I recently had to set up a new Windows Server 2003 machine. The setup process
was straightforward until I installed Perl. You can call me old fashioned, but
I prefer not to run a setup application or use an .msi file to install Perl.
Instead, I choose to copy Perl from another machine. Essentially, I simply copied
the Perl directory from one machine to another.
Several days later, I discovered a problem. The copy process was successful, but I had copied the Perl directory from the wrong machine. As a result, a couple of files were missing and a couple of others were slightly different. Usually, it wouldn't be too much of a problem to hunt down such discrepancies. However, the Perl directory consists of more than 6000 files. So, to ensure that I knew what files were different between machines, I needed a tool that could compare directories. I decided to write a Perl script to do the job. To write this script, I had to determine which algorithm to use, then implement that algorithm.
Determining the Algorithm
You can use different algorithms in a script to compare directories. For example,
a script might use a comparison algorithm that takes into account the directories'
tree structure, file count, filenames, file sizes, and file time-stamps. The
ideal algorithm would also analyze each file's contents to verify that each
file contains the same data. It's possible that two different files could have
the same relative file paths and identical file sizes yet have different contents.

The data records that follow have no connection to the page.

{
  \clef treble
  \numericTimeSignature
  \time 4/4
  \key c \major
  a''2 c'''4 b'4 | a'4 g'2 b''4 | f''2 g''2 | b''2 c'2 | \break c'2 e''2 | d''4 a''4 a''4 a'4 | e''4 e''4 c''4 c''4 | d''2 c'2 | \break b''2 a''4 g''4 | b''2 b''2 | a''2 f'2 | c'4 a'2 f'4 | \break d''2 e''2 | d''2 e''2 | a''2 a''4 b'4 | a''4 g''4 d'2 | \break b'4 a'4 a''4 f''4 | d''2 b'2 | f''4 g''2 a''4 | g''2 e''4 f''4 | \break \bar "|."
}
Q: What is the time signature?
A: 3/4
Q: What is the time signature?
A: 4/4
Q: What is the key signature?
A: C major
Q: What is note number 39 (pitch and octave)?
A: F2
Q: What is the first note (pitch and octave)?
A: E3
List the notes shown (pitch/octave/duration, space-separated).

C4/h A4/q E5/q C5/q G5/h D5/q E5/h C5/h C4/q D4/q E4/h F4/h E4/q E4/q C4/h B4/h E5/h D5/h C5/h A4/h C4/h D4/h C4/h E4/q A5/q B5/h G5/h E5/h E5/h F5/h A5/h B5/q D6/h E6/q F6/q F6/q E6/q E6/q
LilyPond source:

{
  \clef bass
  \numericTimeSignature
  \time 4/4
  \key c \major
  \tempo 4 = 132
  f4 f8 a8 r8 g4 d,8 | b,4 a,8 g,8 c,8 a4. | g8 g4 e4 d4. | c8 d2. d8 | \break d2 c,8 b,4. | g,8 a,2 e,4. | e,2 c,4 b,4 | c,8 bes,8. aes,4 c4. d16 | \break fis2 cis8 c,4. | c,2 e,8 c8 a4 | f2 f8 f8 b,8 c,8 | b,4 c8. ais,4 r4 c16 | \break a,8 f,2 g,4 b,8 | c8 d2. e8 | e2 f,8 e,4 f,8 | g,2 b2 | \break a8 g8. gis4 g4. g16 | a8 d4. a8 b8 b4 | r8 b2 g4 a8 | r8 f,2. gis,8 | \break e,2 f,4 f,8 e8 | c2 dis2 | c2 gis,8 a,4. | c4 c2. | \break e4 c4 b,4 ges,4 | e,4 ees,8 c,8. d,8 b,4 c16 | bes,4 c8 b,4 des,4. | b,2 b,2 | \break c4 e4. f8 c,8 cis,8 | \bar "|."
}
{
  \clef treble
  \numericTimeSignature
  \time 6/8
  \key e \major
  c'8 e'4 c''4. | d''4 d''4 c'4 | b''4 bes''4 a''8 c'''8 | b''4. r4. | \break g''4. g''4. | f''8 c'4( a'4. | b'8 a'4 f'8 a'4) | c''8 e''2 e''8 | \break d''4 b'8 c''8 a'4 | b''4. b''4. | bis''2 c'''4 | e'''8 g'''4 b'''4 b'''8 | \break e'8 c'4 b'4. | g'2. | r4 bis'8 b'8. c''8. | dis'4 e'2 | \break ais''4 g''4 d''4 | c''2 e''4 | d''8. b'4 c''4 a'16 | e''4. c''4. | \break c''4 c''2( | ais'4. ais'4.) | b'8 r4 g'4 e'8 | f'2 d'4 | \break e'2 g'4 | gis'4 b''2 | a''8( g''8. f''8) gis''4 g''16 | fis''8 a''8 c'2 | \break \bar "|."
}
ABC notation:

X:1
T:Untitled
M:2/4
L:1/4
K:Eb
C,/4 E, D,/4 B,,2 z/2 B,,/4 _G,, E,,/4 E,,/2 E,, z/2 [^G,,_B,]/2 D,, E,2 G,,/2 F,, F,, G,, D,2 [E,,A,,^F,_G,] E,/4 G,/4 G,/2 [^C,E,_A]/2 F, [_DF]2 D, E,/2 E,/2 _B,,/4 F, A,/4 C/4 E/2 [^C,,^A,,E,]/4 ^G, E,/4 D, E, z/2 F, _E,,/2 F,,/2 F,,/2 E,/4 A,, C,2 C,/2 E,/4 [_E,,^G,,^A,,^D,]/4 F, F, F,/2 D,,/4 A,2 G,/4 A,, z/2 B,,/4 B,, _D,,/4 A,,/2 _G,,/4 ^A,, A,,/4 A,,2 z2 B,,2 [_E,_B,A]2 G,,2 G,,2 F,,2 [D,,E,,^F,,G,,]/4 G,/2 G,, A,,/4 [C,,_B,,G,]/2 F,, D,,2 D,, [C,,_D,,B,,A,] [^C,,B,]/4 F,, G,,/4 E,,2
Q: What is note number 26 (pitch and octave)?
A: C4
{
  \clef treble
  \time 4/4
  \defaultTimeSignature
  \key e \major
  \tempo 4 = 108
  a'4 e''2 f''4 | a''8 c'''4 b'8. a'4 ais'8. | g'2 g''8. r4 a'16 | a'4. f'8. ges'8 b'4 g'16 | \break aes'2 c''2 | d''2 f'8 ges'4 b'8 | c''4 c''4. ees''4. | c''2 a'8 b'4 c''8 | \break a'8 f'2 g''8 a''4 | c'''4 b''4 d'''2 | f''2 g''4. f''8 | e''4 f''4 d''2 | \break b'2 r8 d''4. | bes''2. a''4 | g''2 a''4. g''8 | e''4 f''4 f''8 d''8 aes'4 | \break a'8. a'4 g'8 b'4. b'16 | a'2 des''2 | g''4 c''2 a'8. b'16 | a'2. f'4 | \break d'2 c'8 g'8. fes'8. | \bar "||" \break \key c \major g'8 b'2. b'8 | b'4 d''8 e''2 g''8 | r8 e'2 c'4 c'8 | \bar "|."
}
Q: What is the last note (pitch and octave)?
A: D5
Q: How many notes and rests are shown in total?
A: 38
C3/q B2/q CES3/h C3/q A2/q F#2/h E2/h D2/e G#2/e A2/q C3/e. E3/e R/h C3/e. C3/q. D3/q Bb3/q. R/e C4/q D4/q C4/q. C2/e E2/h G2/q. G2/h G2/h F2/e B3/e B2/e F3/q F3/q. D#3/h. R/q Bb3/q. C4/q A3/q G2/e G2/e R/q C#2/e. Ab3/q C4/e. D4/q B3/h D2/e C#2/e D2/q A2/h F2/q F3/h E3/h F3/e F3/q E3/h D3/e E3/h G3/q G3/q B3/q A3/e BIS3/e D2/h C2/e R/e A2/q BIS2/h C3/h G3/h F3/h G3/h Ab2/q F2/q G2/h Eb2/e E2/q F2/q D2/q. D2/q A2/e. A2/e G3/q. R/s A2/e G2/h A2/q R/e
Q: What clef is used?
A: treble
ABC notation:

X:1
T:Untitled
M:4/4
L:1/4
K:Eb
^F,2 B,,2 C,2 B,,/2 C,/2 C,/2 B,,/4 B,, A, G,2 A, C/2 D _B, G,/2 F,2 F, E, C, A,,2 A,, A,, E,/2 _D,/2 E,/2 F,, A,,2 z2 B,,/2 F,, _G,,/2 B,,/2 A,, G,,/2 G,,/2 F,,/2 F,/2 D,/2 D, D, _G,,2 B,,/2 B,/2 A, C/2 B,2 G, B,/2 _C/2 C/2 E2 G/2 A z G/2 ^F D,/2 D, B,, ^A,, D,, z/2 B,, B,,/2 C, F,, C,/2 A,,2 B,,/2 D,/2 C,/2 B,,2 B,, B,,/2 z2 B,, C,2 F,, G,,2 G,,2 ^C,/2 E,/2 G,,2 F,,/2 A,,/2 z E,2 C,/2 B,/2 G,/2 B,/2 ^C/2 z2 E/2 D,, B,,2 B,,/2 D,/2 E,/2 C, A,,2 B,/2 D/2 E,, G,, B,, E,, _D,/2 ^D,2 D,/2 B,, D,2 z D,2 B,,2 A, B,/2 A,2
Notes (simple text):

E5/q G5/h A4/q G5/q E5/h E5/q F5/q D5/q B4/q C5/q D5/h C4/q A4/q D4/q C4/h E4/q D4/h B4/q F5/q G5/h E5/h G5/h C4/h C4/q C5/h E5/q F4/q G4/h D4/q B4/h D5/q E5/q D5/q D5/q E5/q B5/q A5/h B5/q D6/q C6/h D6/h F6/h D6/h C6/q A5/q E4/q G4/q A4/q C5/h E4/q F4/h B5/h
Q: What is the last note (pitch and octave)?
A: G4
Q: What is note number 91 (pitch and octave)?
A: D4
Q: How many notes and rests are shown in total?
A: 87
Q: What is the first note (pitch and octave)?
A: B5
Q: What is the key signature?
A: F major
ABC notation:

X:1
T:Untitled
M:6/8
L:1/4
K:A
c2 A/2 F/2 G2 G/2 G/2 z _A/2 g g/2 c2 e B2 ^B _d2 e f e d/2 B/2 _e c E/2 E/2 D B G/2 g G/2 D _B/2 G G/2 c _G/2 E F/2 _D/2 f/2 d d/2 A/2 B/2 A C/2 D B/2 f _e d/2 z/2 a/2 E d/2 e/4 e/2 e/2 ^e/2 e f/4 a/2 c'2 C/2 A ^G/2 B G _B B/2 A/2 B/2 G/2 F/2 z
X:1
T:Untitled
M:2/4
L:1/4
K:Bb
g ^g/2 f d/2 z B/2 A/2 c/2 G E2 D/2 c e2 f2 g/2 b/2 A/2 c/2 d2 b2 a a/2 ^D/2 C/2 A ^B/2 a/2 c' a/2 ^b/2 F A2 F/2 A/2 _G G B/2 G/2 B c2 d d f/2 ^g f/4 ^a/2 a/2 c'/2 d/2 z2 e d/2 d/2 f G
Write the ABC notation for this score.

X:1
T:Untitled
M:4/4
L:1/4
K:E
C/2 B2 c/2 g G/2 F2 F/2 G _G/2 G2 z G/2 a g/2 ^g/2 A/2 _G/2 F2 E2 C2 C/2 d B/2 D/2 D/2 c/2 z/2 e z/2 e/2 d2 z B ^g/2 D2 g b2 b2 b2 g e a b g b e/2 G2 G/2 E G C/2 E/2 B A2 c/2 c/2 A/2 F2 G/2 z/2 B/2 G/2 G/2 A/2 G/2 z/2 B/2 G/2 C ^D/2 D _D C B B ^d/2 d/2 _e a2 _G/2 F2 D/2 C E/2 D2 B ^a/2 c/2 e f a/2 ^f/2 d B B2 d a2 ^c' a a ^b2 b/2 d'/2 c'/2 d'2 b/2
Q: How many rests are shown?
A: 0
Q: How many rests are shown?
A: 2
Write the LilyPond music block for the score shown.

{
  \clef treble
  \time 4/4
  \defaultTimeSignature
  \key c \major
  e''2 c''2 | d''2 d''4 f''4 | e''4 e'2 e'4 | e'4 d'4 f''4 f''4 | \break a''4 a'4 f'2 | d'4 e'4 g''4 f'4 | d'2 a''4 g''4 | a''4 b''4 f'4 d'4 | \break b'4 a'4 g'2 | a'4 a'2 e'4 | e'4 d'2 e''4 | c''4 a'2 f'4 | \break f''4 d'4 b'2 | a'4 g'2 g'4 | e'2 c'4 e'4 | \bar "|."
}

For example, you could have the C:\Dir1 \readme.txt and C:\Dir2\read me.txt
files. Both files have the same relative path (relative to C:\Dir1 or C:\Dir2),
the same filename (readme.txt), and the same file size (21 bytes). However,
one file might contain the text This is a readme file and the other file
might contain the text I think I smell food!
I didn't need such an elaborate comparison between the Perl directories. I just needed a simple algorithm that would take into account the directories' partial tree structure, filenames, and file sizes. So, I decided to create an algorithm that compared the files' paths and byte sizes.
To create this algorithm, I determined that I could use a single hash in which
each path is stored as a hash key. The hash key's associated value is a subhash
whose key indicates the analyzed directory (1 or 2) and whose key's value specifies
the file's size. The resulting hash might look like the one in Figure
1. In this sample hash, the file named FileNumber1.txt exists in both directories
(1 and 2) and both files are the same size (1234 bytes). However, only directory
1 contains a file named FileNumber2.txt, which has a size of only 32 bytes.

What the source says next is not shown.